Thursday, March 8, 2012

Elise and Boniface

Baby Elise presented to the hospital with severe anemia due to malaria with a hemoglobin of 3.5 requiring a blood transfusion (normal is 12). Following the transfusion she developed fever and began to have respiratory distress. She was grunting and hypoxic. Her liver and spleen were enlarged and a gallop rhythm alerted us to heart failure. Several doses of Furosemide (a diuretic) were given. She began urinating and her distress lessened. Still she was working hard. We gave her rectal Tylenol and sponge bathed her. I feared she might wear out. I prayed, nurse Olive prayed, her mother prayed. The family refused transfer to KCH hospital in Lilongwe which has ventilators. They did not have the money for transportation home. They would prefer to stay at Nhkoma even if Elise should perish. Was this transfusion related lung injury causing fever, hypoxemia, dyspnea and hypotension or fluid overload in a severely anemic child with heart failure? It is hard to sleep at night when you are caring for critically ill children with very few resources. I prayed Psalm 72 for Elise. “He will deliver the needy when he cries for help. The afflicted also. He will have compassion on the poor and needy and the lives of the needy he will save. He will rescue their life…and their blood will be precious in his sight.” The next morning Elise was sitting up playing on her mother’s lap. Her mother and I thanked God together.

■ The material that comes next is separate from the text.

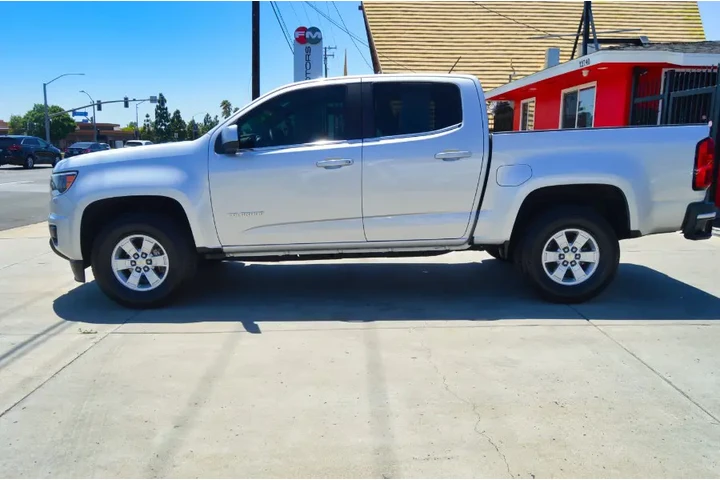$17495 : Used 2019 Colorado 2WD Crew C image 2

I want all the children to survive and to be completely restored to health. The children who survive cerebral malaria are among the most severely neurologically damaged and the least likely to be restored to wholeness. They have often seized for hours and been hypoxic during that time prior to arriving at the hospital. Boniface was having decorticate posturing the first day that I examined him. At first I thought he was still seizing he was so rigid. His head was arched backwards, his leg muscles rigid with his legs held out straight and hands tightly fisted with arms inwardly turned. His eyes were deviated to the left. Could he have had an intracranial hemorrhage? Was this encephalopathy and hypoxia? For days he lay in his teenage mother’s arms unresponsive. I cannot imagine the future for this mother and child. If he does not suck how will he survive? How will she feed him? I encourage her to keep on pumping so her milk will not dry up as we feed the child by an NG. Can they place NG tubes in the village and feed him the way that we are? I pray every day for this child. Gradually his mother begins reporting that Boniface is making some effort at nursing. It seems unlikely as I watched them trying to spoon a little porridge in his mouth and wonder if I should stop them in case he aspirates. The Physical Therapy department comes by to teach the mother how to move his arms and legs to prevent contractures. We stop the anticonvulsants. Pong’ono pong’ono (little by little) he becomes more alert. He cries when uncomfortable. Then one day, his hands are no longer fisted and his tone is decreased. He appears to briefly fixate on an object moving in front of his face. He is nursing deliberately and strongly. I thank God and I keep on praying and hoping for little Boniface.